Task
Your task is to retype, exactly and without pictures, the line holding "a dining room" and each line that follows it to the end of the entries.

Short text fragments from websites
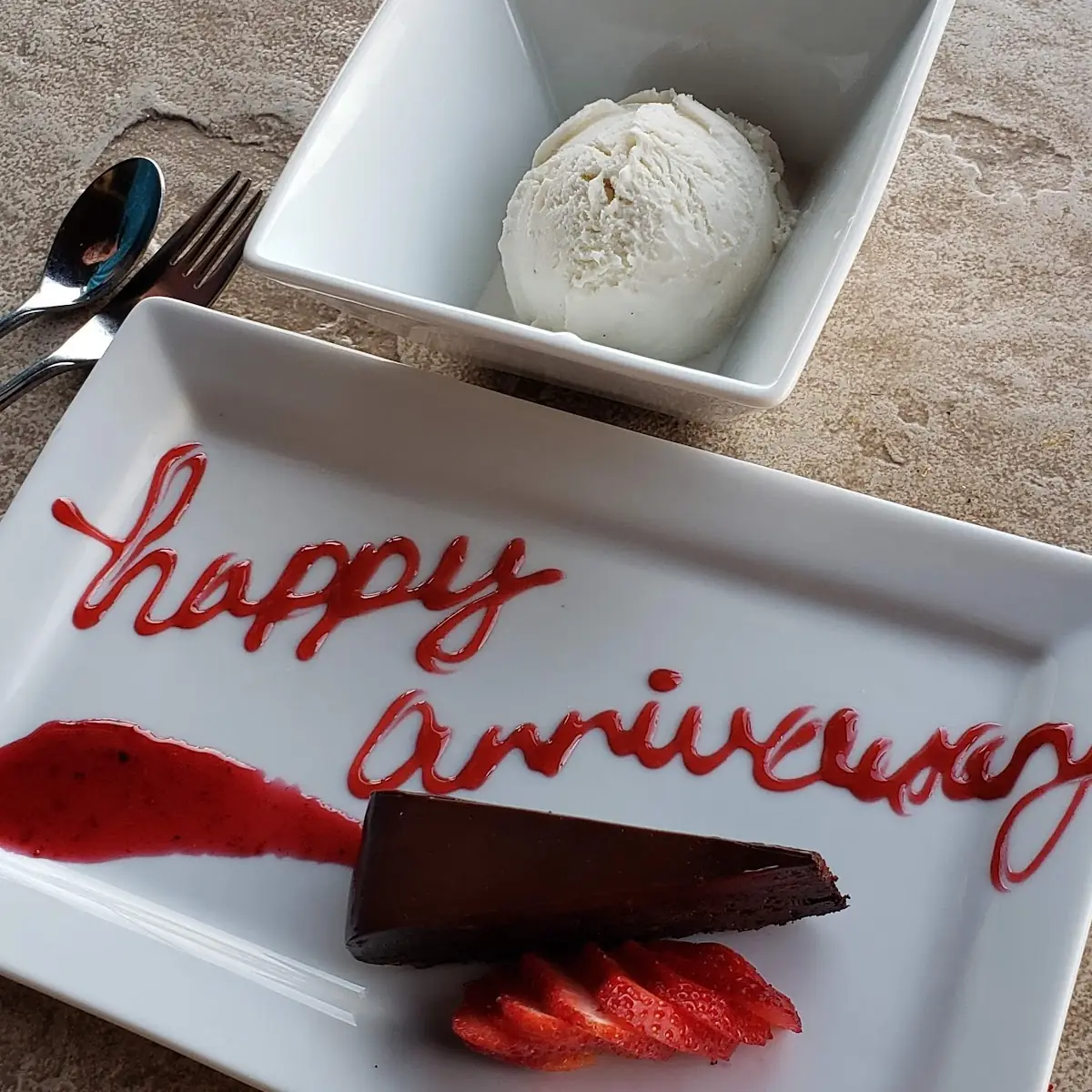 Flourless Chocolate Cake with Raspberry Sauce and Vanilla Bean Ice Cream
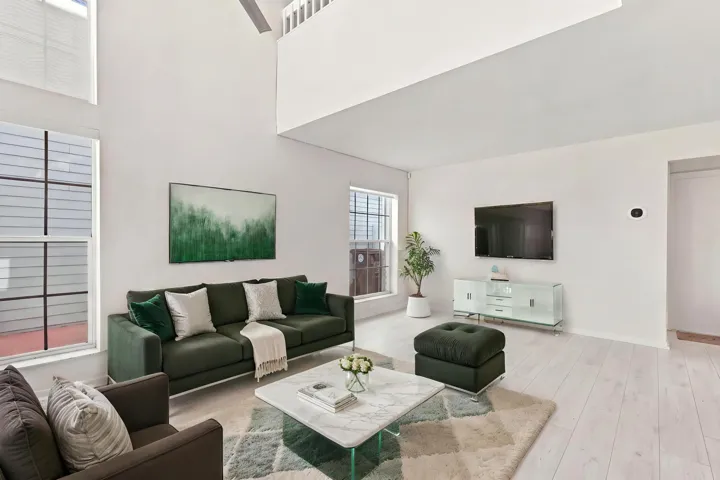 Soaring 15-foot ceilings and expansive windows fill the living room with natural light, creating a warm and welcoming space for everyday living and entertaining. The thoughtfully designed floor plan flows effortlessly from the living area to a convenient powder room and the private backyard, making the home feel open, connected, and inviting.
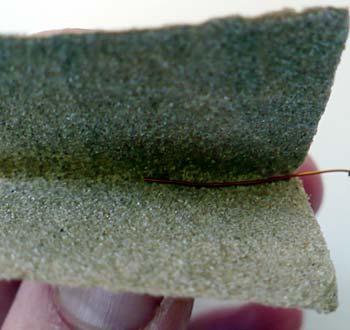 Figure 10. A "sandpaper sandwich" is used to remove the insulation from the ends of the magnet wire. Tutorial video for stripping insulation from hookup wire. https://www.youtube.com/watch?
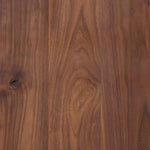 Design your space with hallmark features inspired by soft Brutalism. Made from solid walnut and poplar woods with a natural finish, the cabinet is topped with a black marble top with half bullnose edging for smooth contours. Double doors open to two shelves for ample storage. High-quality hardware is crafted from black iron. Amethyst Home provides interior design, new home construction design consulting, vintage area rugs, and lighting in the Scottsdale metro area.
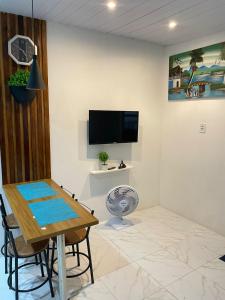 a dining room with a table and a tv on a wall at Casa de praia Rocha Alves em Porto de Galinhas in Porto De Galinhas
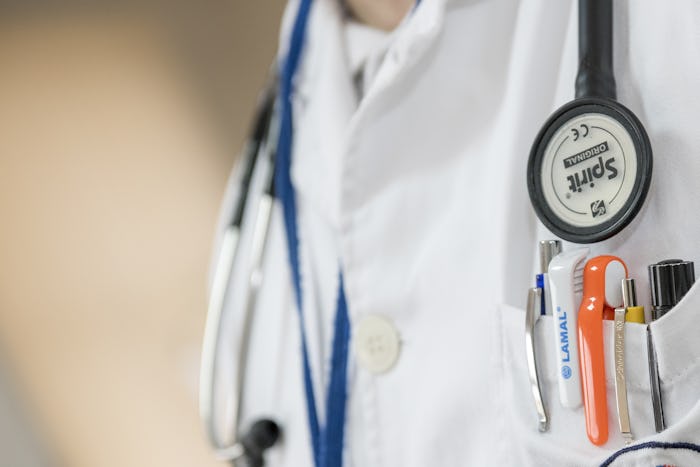 A close up of a doctor wearing a stethoscope around his neck and having a lot of pens in his scrub p...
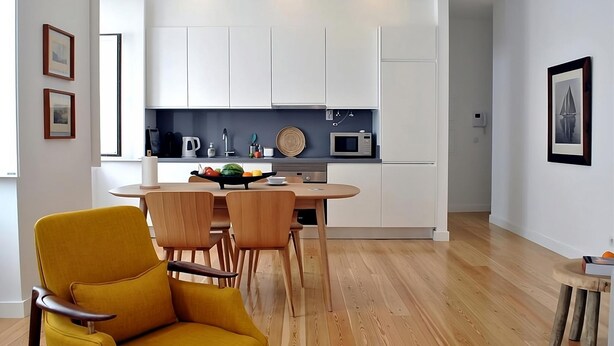 Une cuisine moderne avec des meubles blancs, un four à micro-ondes et un panier de fruits posé sur le plan de travail.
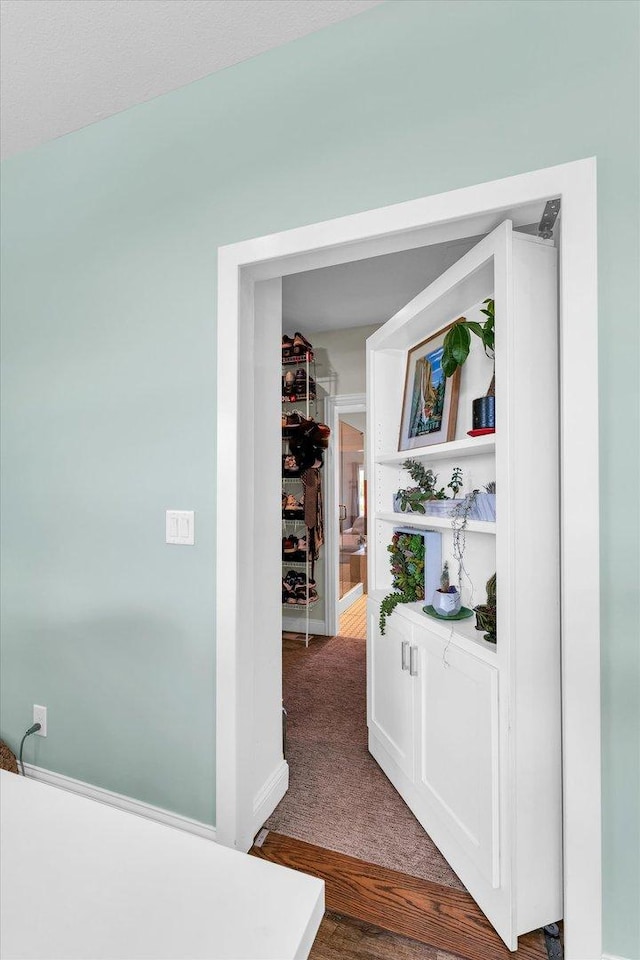 hall with dark colored carpet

Response
 a dining room with a table and a tv on a wall at Casa de praia Rocha Alves em Porto de Galinhas in Porto De Galinhas
 A close up of a doctor wearing a stethoscope around his neck and having a lot of pens in his scrub p...
 Une cuisine moderne avec des meubles blancs, un four à micro-ondes et un panier de fruits posé sur le plan de travail.
 hall with dark colored carpet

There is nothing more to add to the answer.